A Douglas fir in Montana doesn’t have the same genetic makeup as trees in Arizona. You can’t treat them as equals because they have adapted to their local climate.

“A more accurate prediction for future tree-ring growth in Montana is actually an Arizona tree’s sensitivity to climate today,” Klesse says.

Factors impacting sensitivity include average temperatures and average amount of precipitation. The warmer and drier a local climate is on average, the more trees suffer from increasing temperatures and dryness.

Nearly all Douglas firs will grow thinner tree rings, meaning they’ll absorb less carbon dioxide, because of climbing global temperatures and increasing drought stress.

“Forest ecosystems would become positive feedback loops, which is not a good thing,” Evans says.

Harold “Hal” Fritts, a professor emeritus of dendrochronology who died last year at 90, predicted the link between a tree’s climate sensitivity and ring growth over 50 years ago.

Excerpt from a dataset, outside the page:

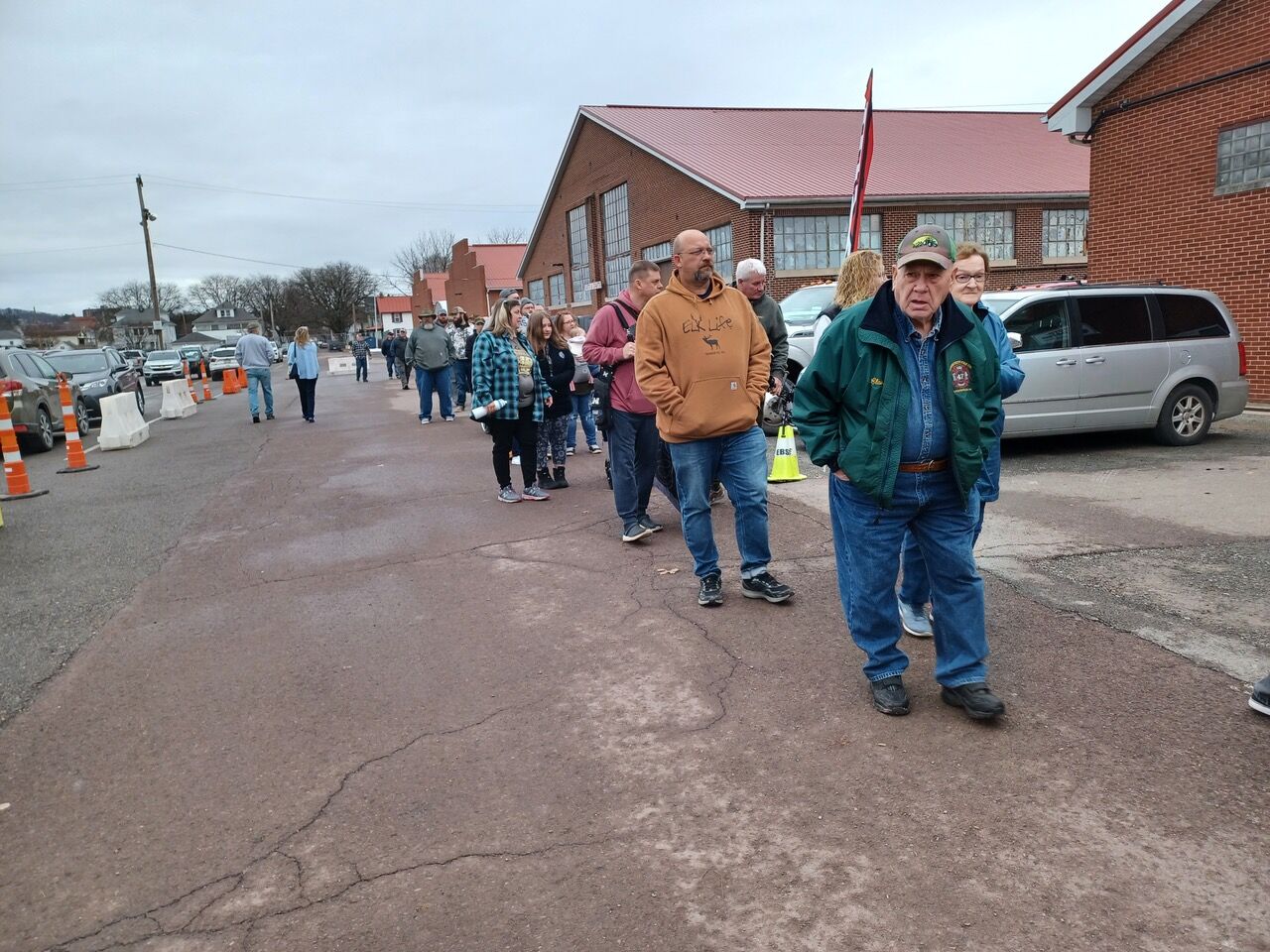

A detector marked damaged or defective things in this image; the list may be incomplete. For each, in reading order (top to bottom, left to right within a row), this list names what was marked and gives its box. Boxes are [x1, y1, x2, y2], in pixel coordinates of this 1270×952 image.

“In the Northwestern states, every single tree ring looks the same. They look like a train track because they’re just not very sensitive to change,” Evans says.

“But in more desert terrains, like in Arizona, the average ring width is much smaller, and year-to-year variability, or sensitivity, is much greater. In a wet year in the desert, the trees can grow great, fat rings. He (Fritts) predicted this relationship between ring width and sensitivity a long time ago. Our model proved that he was right.”

The team says that better predicting how trees will respond to climate change will ultimately require genetic studies. They concluded that much of the differences in average ring width across Douglas firs are likely due to evolutionary adaptation, but exactly how much is not yet known.

“Possible future work is to go back to the genetics,” Klesse says.